The Case of the Hail Mary Celeste; Malcolm Pryce, Bloomsbury, Rs.399.
Jack Wenlock is the last of the Railway Goslings: that fabled cadre of railway detectives created at the Weeping Cross Railway Servants’ Orphanage. Wenlock is investigating a case that begins with an abducted great-aunt, but soon develops into something far darker and more dangerous — the greatest mystery in all the annals of railway lore — the disappearance in 1915 of 23 nuns from the 7.25 Swindon to Bristol Temple Meads, or the case of the ‘Hail Mary’ Celeste.
The Lady from Zagreb;Philip Kerr, Hachette, Rs.699.
Set amid World War II, Bernie Gunther finds himself having to persuade a beautiful young actress — a rising star of the giant German film company UFA, now controlled by the Propaganda Ministry — for ‘favours’ at the behest of the very clever, very dangerous Propaganda Minister, a close confidant of Hitler, an ambitious schemer and flagrant libertine. But nothing is as it seems.
Karan Ghelo: Gujarat’s Last Rajput King; Nandshankar Mehta, trs. Tulsi Vatsal & Aban Mukherji, Penguin/Viking, Rs.499.
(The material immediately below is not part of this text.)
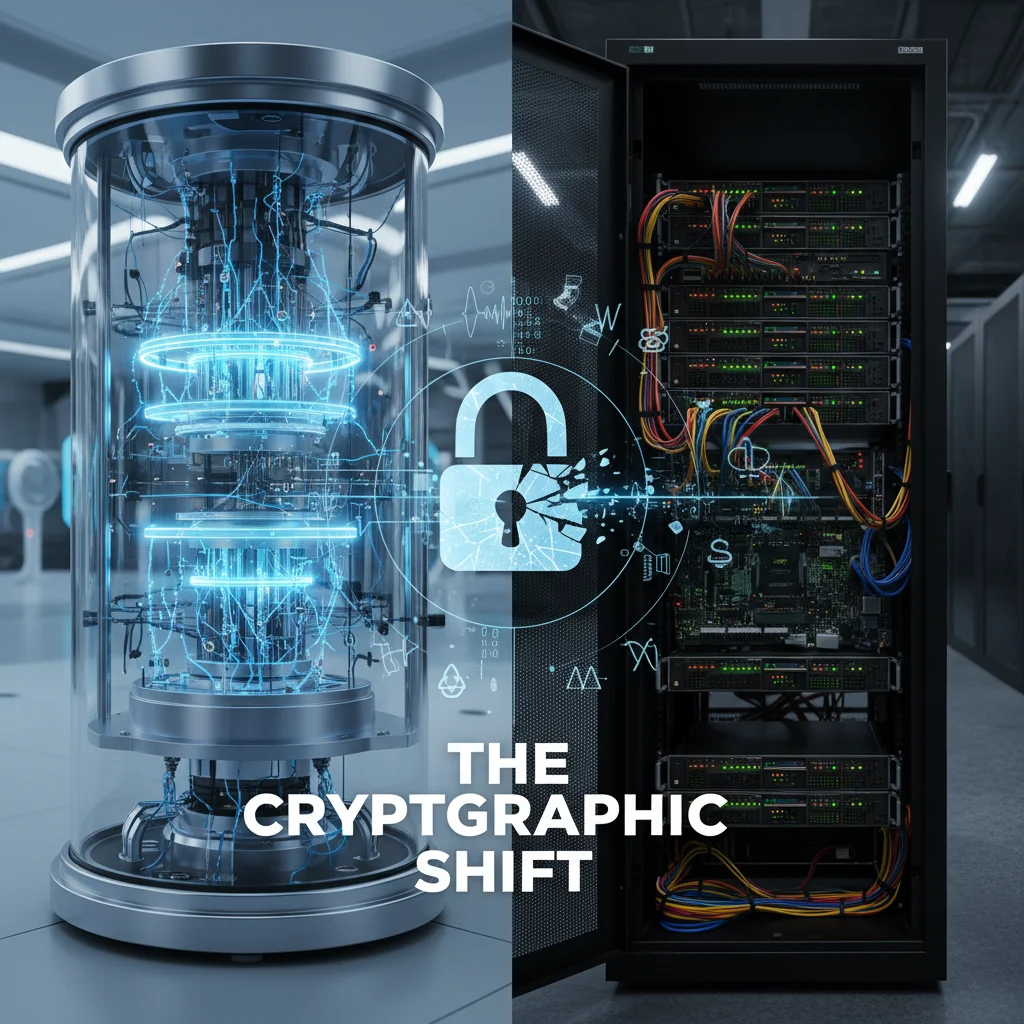 Image futuriste d'un ordinateur quantique défiant la cryptographie traditionnelle, illustrant la menace quantique sur les données.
Acting against Kshatriya dharma, Karan Vaghela, the raja of Gujarat, lusts after and abducts Roopsundari, his Prime Minister Madhav’s wife. That sets Madhav on the path of revenge and he persuades Sultan Alauddin Khilji of Delhi to invade Gujarat. Nandshankar Mehta’s Karan Ghelo tells the spellbinding tale of a man who tragically failed his land and its people.